Il boom della pubblicità: 7 milioni 377 mila spot per un totale di 155 milioni di secondi di réclame, solo su Rai, Mediaset e Sky. Questi numeri superano di otto volte i risultati del 2010. Certo questa crescita esponenziale si spiega con il passaggio dalla televisione analogica tradizionale al digitale terrestre, che propone ormai molti più canali «ma la verità è che i secondi e gli spot si moltiplicano anche perché le emittenti televisive - in questi anni di gelo e crisi economica vendono spot anche al supermercato sotto casa»

Stavolta le televisioni hanno rotto il muro del suono. Hanno infranto ogni argine, hanno esagerato come mai prima. Lo dimostra un conteggio assai significativo per chi conosce le cose, le dinamiche della pubblicità. La società Nielsen calcola che Rai e Mediaset – nel 2008 – hanno venduto 18 milioni e 730 mila secondi di pubblicità. Se già vi sembrano tanti, pensate che i secondi di pubblicità (pochi anni dopo, nel 2014) superano quota 64 milioni. E quando il calcolo si allarga a Sky, ecco allora il muro del suono pubblicitario crollare davanti ai nostri occhi. Perché insieme i tre colossi della tv – Rai, Mediaset e Sky – trasmettono più di 155 milioni di secondi di réclame. Sono oltre 7 milioni 377 mila spot che, ogni anno, prendono la strada dei nostri televisori. In fila indiana, uno dopo l’altro.
Questa crescita esponenziale si spiega con il passaggio dalla televisione analogica tradizionale al digitale terrestre, che propone ormai molti più canali: sono 46 soltanto i nazionali. Pesa molto, ovvio, il ricco bouquet delle reti satellitari di Sky. Più canali, più spot. Normale.

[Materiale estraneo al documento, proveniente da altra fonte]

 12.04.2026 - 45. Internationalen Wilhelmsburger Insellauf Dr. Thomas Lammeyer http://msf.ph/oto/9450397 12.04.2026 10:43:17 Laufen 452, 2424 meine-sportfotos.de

Ma questa evoluzione tecnica non giustifica tutto. La verità è che i secondi e gli spot si moltiplicano anche perché le emittenti televisive – in questi anni di gelo e crisi economica vendono spot anche al supermercato sotto casa.
Il 27 febbraio – tanto per fare un esempio – si gioca una partita che certo non entrerà nella storia del calcio. Latina contro Trapani, nell’angusto stadio “Domenico Francioni”. Bene, nell’intervallo della gara Sky non si fa certo scrupolo di mandare la pubblicità di una piccola ditta di ristrutturazioni edili (di Trapani) e di un bar con autolavaggio di Latina, che sta lì, dimenticato lungo la Via Pontina. Tutto fa brodo.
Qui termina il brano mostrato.